Branch offices are the life blood for a wide range of businesses. Financial service companies, insurance, retail, education and government vertical markets depend heavily on having a physical presence in the neighborhood of their customers. However, having a physical office means you need a reliable means to communicate with both customers serviced by the office and the employees in the branch office. To date, most branch offices have low-cost stand-alone TDM telephone systems (aka Key Systems) and use the expensive legacy PSTN to make and receive telephone calls between offices and to their customers.
- Reduction of trunk lines to branch offices
- Elimination of toll charges for inter-office calling
- Consolidation of trunking facilities
- Centralized applications (voice mail, IVR and ACD systems)
- Easier remote management and elimination of "truck rolls"
- Improved productivity with Unified Communications capabilities
- Survivability - what happens at the branch if the wide-area network goes down or accidentally cut? An extreme example of this is the outage in San Jose, CA on April 8th, 2009 where a major fiber optic line was cut by vandals.
- Local Numbers - will you still have the same local numbers that long-established customers have on their prescription bottles or refrigerator magnets?
- E911 - if there is an emergency, will the first responders be directed to the right facility?
- Broadband Availability? - while quite common in urban and suburban areas, wireline broadband is either very difficult to get or very expensive in most of rural America. Common wireless technologies including EVDO, WiMax and satellite are not conducive to voice traffic and may insert significant latency or jitter.
A Fully Distributed architecture with separate stand-alone equipment at each site pushes all the intelligence to the branch offices, but doesn't consolidate resources or save enough money to make it viable over the long haul. Many of the smaller IP-PBX or communications appliance vendors are touting this architecture, mostly because customers are used to this from the key system days.

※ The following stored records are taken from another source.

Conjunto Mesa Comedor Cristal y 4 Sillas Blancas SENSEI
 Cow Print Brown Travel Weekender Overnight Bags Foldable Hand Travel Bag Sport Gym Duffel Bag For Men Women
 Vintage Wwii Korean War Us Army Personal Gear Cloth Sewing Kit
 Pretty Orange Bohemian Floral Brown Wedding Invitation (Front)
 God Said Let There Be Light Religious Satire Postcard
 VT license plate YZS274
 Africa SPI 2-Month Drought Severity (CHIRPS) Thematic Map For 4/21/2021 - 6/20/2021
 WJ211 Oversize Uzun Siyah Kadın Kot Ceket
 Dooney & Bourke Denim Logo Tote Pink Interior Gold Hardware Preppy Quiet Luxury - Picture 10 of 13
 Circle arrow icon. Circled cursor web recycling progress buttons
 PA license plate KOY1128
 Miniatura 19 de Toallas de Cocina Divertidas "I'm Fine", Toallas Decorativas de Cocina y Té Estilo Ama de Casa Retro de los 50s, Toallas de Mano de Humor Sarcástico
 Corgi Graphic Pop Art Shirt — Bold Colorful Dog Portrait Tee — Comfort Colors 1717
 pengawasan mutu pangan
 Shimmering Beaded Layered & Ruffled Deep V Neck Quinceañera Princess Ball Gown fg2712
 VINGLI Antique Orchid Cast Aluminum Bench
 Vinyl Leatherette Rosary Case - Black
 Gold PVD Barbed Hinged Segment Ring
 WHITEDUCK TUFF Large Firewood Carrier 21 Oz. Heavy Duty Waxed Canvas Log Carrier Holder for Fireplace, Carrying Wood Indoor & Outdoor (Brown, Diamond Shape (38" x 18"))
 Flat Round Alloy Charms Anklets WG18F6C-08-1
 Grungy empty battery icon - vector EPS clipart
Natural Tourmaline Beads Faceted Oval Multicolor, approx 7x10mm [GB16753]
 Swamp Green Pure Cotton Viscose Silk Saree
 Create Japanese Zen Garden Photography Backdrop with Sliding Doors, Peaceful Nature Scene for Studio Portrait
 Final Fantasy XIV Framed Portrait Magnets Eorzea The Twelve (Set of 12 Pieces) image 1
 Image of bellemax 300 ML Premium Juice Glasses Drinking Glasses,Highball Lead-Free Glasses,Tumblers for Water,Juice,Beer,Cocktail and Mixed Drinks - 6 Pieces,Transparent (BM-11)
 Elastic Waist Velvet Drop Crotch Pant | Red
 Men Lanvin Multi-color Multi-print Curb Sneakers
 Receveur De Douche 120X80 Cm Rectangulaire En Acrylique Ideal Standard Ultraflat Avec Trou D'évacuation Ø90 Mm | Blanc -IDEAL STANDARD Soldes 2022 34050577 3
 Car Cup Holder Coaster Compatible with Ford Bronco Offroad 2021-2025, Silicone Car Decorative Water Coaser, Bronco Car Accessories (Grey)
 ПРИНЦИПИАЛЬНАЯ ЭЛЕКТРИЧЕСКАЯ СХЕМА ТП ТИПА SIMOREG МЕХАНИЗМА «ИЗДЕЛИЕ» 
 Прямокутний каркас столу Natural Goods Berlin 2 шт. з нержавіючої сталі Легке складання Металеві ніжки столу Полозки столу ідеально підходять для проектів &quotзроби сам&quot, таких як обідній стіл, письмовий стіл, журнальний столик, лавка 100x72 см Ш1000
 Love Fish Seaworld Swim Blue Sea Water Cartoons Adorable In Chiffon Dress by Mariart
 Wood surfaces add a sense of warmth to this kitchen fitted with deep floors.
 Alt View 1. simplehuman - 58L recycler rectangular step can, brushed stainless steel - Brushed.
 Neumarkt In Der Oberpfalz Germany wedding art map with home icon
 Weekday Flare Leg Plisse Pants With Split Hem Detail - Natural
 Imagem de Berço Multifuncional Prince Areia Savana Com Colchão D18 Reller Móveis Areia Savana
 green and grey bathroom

A Fully Centralized architecture moves all the intelligence to the core with a large IP-PBX or Softswitch at the headquarters or hosting site and just network equipment and IP phones at the branches. This architecture dramatically reduces costs of the equipment at the branches, but is highly dependent on the quality and stability of the WAN. Local number portability and E911 questions create other problems.
It seems that a hybrid architecture that combines the the best attributes of the fully distributed and fully centralized is much more realistic and is becoming the reference for most network designs going forward. This architecture puts some intelligence at the branch offices, which could include either a small IP-PBX or SIP Proxy to handle intra-office calls or emergency calling. The large centralized IP-PBX or Softswitch would manage inter-office traffic. Other application components including voice mail, local IVR and ACD at the branch offices off-load these services from the central site and allow them to operate with less expensive WAN services or in cases of a WAN failure.